Given that the post-apocalyptic train has been passing by us for some time now as we wait at the crossing, the element I would be looking for is the reason for the telling of the story. Even the most burnt trope can be made enjoyable if it has a backbone, a purpose that goes deeper than the props of the trope. There's surface story and there's deep story. There's skin and there's meat. What's the meat? You don't have to answer that - it's rhetorical - but that's the element I would be looking for in such a story.
I would think it'd be both. I wasn't planning on having only slaves, that wouldn't work. I was thinking more of a Spartan or Roman style rule, with both free citizens and slaves.

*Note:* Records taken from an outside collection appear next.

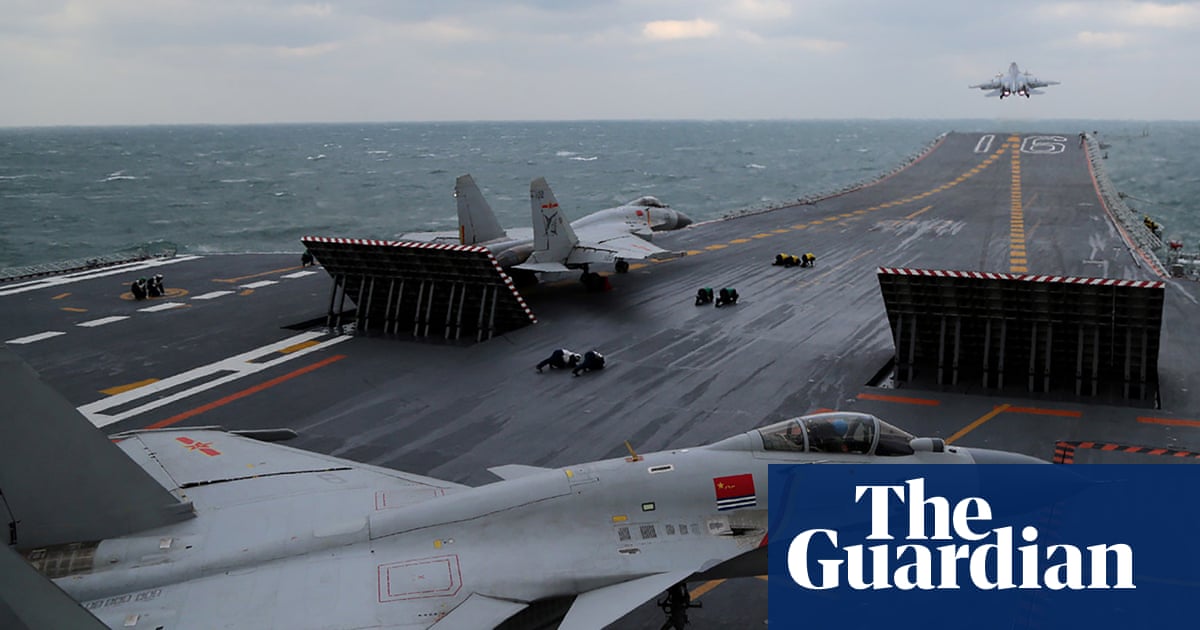 Китай назначава бившия началник на флота Донг Джун за нов министър на отбраната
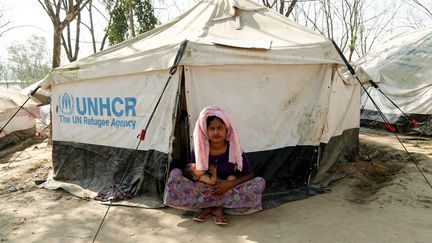 Un jeune Rohingya assise devant une tente des Nations unies au Bangladesh. (ABIR ABDULLAH / EPA)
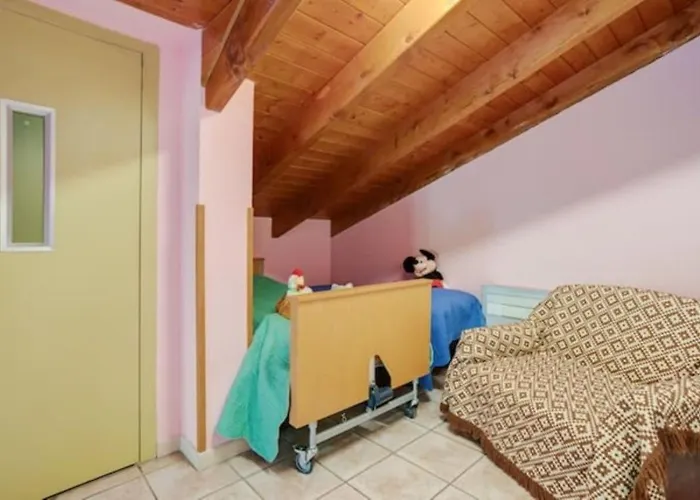 Villa Ciraldo In Monferrato Con Giardino Per 8 Persone Immersa Nel Verde *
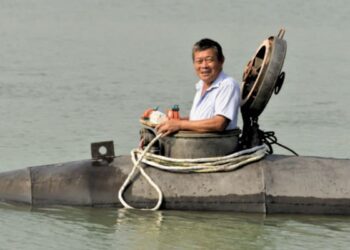 زیردریایی دست‌ساز کشاورز چینی با موفقیت به اعماق آب رفت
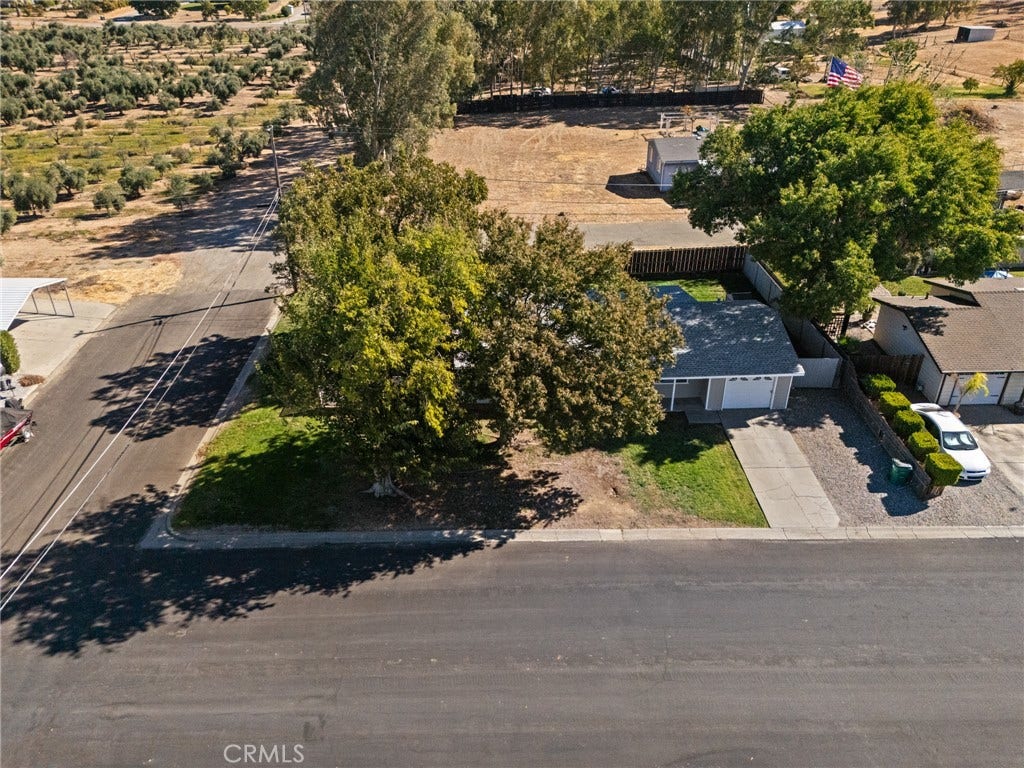 627 El Paso, Corning, CA 96021 627 El Paso, Corning, CA 96021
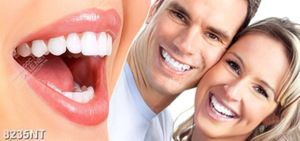 Tranh hàm răng sứ trắng 8235NT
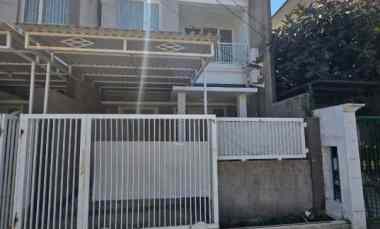 dijual rumah nirwana eksekutif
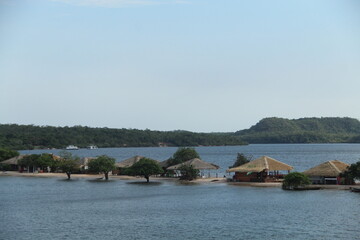 ilha do amor parcialmente submersa em alter do ch&atilde;o, par&aacute; 
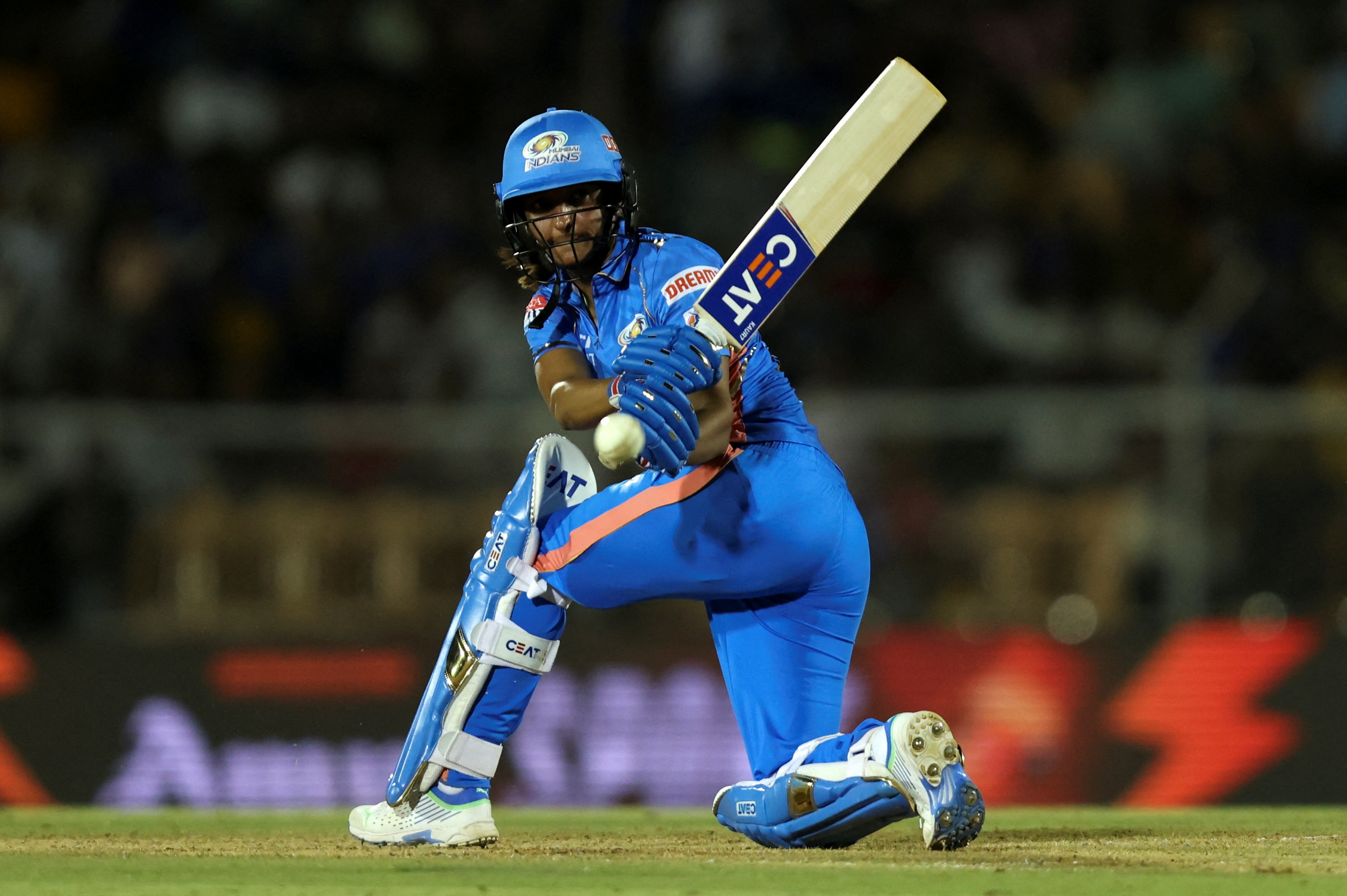 Women’s Premier League Final - Mumbai Indians v Delhi Capitals- Brabourne Stadium, Mumbai, India - March 26, 2023. Mumbai Indians' captain Harmanpreet Kaur in action. REUTERS/Niharika Kulkarni “EDITORIAL USE ONLY. NO COMMERCIAL USE.” 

Take a look at Europe after the collapse of Rome, 500-1000AD. A strong central government collapsed, taking down continent-wide trade, security, maintenance of roads, canals, ports and aqueducts. Without aqueducts cities which easily supported 100K and upward populations could not support more than tens of thousands. Back to subsistence agriculture. Dominated by multiple petty warlords with wide variation in quality of government, no unified currency, barter re-emerges. Loss of literacy and education, constant warfare.
And let's not forget post-Black Death times. I'm not into history that much, but from what I know the Black Death would count as an apocalypse of sorts. As for what happened after, I'm not sure but I think I read something about because of the death toll the serfs were able to unite and demand better working conditions or something like that.
The Black Death ended serfdom because no one was around to ensure that they stayed to tied to the land, and the uninfected population was on the move as refugees to avoid areas where it had broken out. When they got to a new location, no one cared if they were serfs on the run, and manpower was so short they could work for a wage... this was the beginning of wage labor.
I'd like to see a lot of the soft apocalypse kind of thing. Like, grass and flowers in walmart, or houses with moss and flowers inside. It's interesting to see what nature takes back when not held back by humanity.